While it’s relatively straightforward to develop multi-core microcontroller (MCU) hardware with advanced power management features, it’s much more difficult to write software for these chips because memory is limited. CPUs can use on-chip memory such as SRAM, or off-chip memory such as DRAM. But with an MCU, everything is on-chip. So while CPUs can run heavy-duty operating systems such as Linux or Windows, MCUs require much lighter real-time operating systems, many of which are customized for one or more specific functions.

“If you look at the vision market, you can support MCU-style or CPU-style vision applications and even have overlapping applications,” said Chris Rowen, a Cadence fellow and CTO of the IP Group. “With an MCU you’ll have lower frame resolution on-chip. And there is a diversity of interfaces that are complex, whether it’s a CPU or an MCU. But with a CPU you can afford to be a little sloppy, like writing out the whole buffer.
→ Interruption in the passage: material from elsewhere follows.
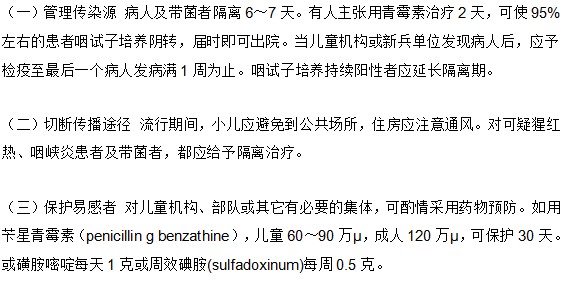 你知道想要預(yù)防小兒猩紅熱有哪三大方法嗎？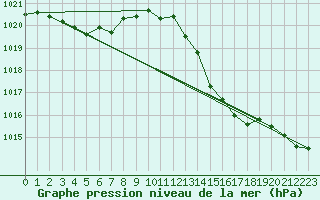 Courbe de la pression atmosphrique pour La Baeza (Esp)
You may not have room to do that on an MCU. The handoff is trickier, as well, and the opportunity for bugs to be introduced is higher.”

It becomes even more difficult if MCUs are used to offload CPUs, either as an accelerator, a co-processor, or as a less-powerful, more energy-efficient backup processor.
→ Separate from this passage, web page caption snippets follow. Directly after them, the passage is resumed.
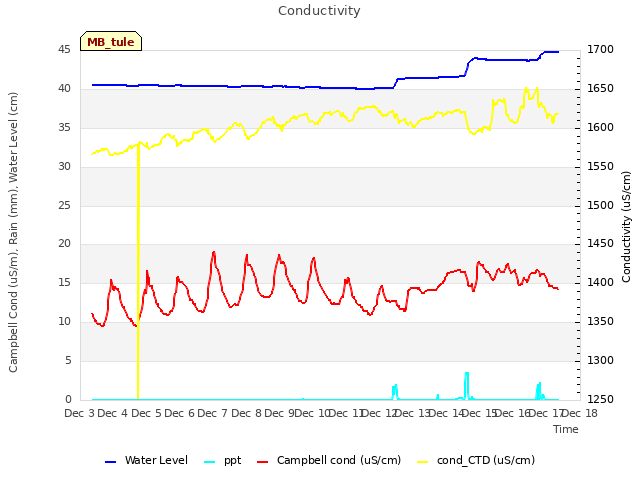 plot of Conductivity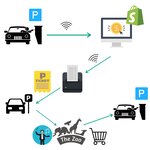 Imprimante cloud shopify ticket commande 80mm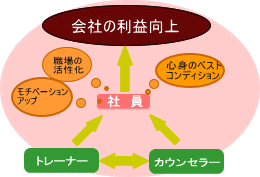 従業員の健康をサポート:EAP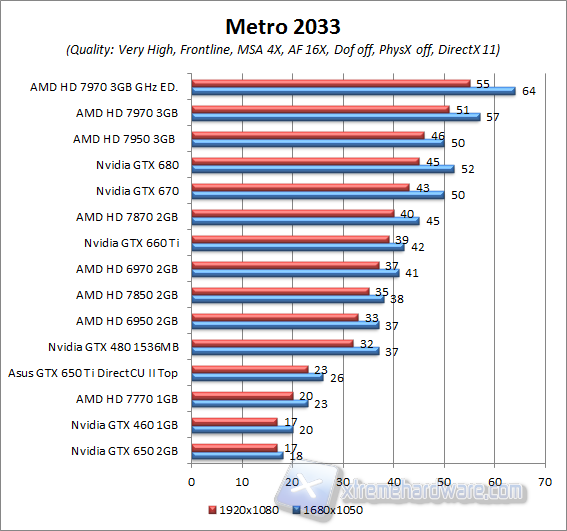 metro 2033 aa4x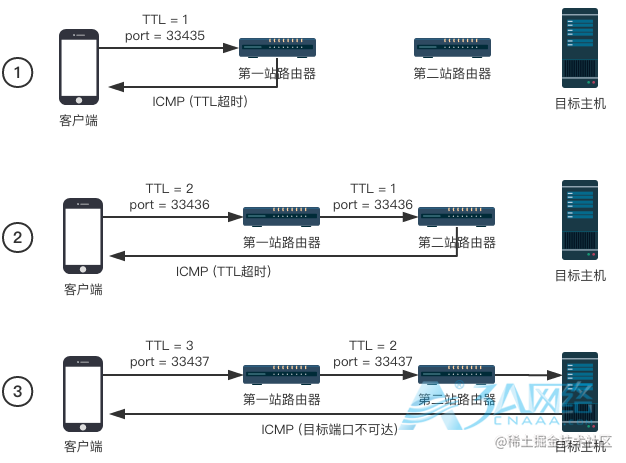 基于UDP实现的traceroute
“With MCU programming, the challenge is keeping up with processes,” said Rowen. “I don’t care if my garage door opener goes away for hundreds of microseconds and then comes back, but if you’re trying to keep up with a high-speed data stream you need parallelism. So if you’re looking at an MCU as another sub-engine, you need the processor to be able to do data computing, and that requires programming style that is much less forgiving. When you take an MCU and move it into a high-data-rate environment, it gets much more difficult.”
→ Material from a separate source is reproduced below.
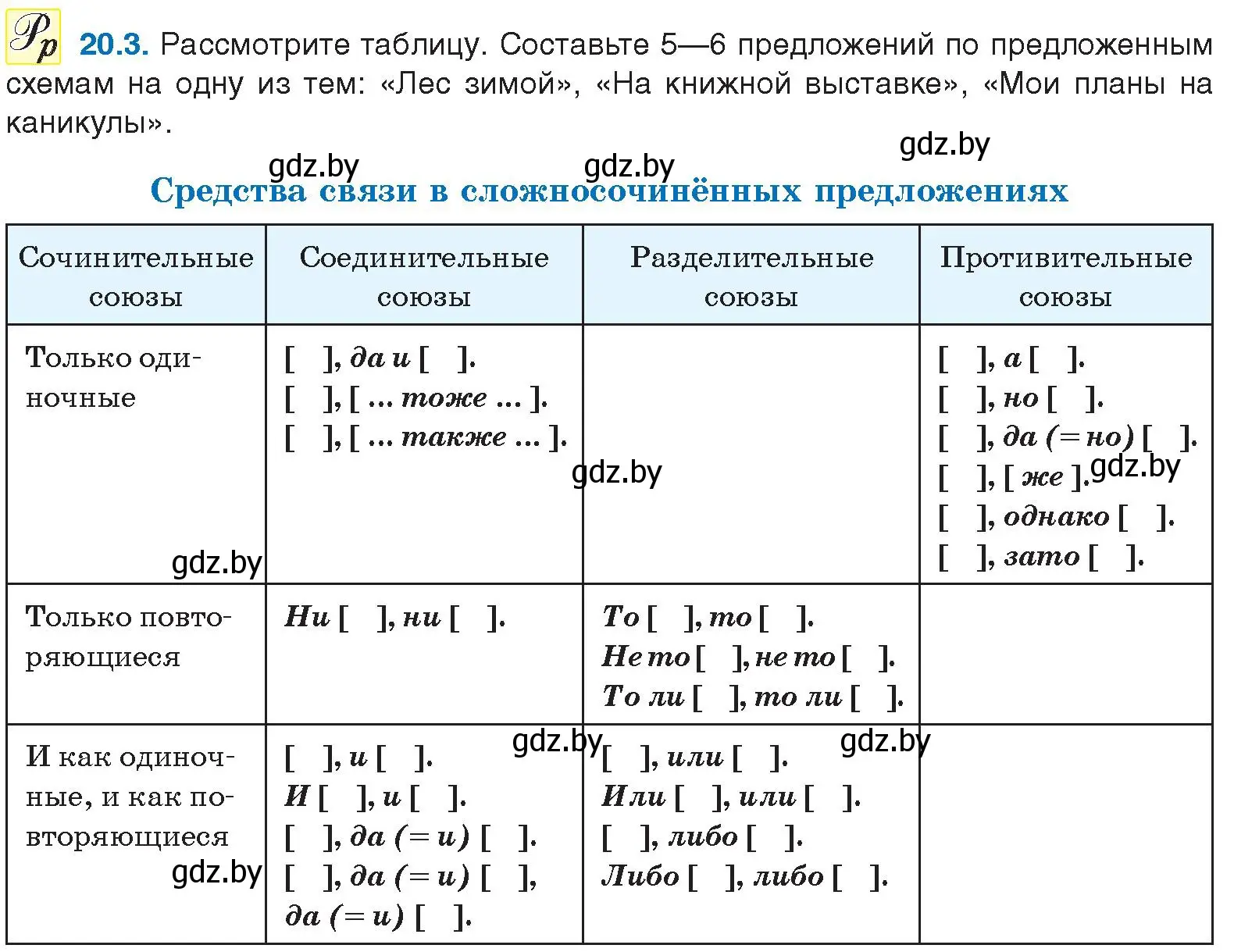 Условие номер 20.3 (страница 130) гдз по русскому языку 11 класс Долбик, Литвинко, учебник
Adding to the confusion, MCUs increasingly are being used in non-standard ways, in more places, and frequently they are embedded into more complex SoCs. So while functionality may be limited to a specific task, such as waking up a CPU, getting multiple MCUs to synchronize across a device is much more difficult from a design, verification and coherency perspective.

“The trend is accelerating where we’re seeing a combination of [ARM] Cortex A (CPU) and M (MCU) cores on the same SoC,” said Andrew Caples, senior product line manager for embedded products at Mentor Graphics. “If you look at ADAS (advanced driver assistance systems), for example, which are the crème de la crème of embedded applications, you can do this now with lots of processing units—MCUs, MPUs, DSPs. That should equate to longer mean time to failure, a lower bill of materials cost and less heat dissipation. But it also adds to the complexity. So you have multiple RTOSes on the MCU, MPU and DSP, and you are now developing and debugging on a single SoC package. That means you’re developing solutions to work across heterogeneous platforms, and it puts a lot of pressure on semiconductor vendors to develop libraries and solutions that make utilization of all of these devices more viable.”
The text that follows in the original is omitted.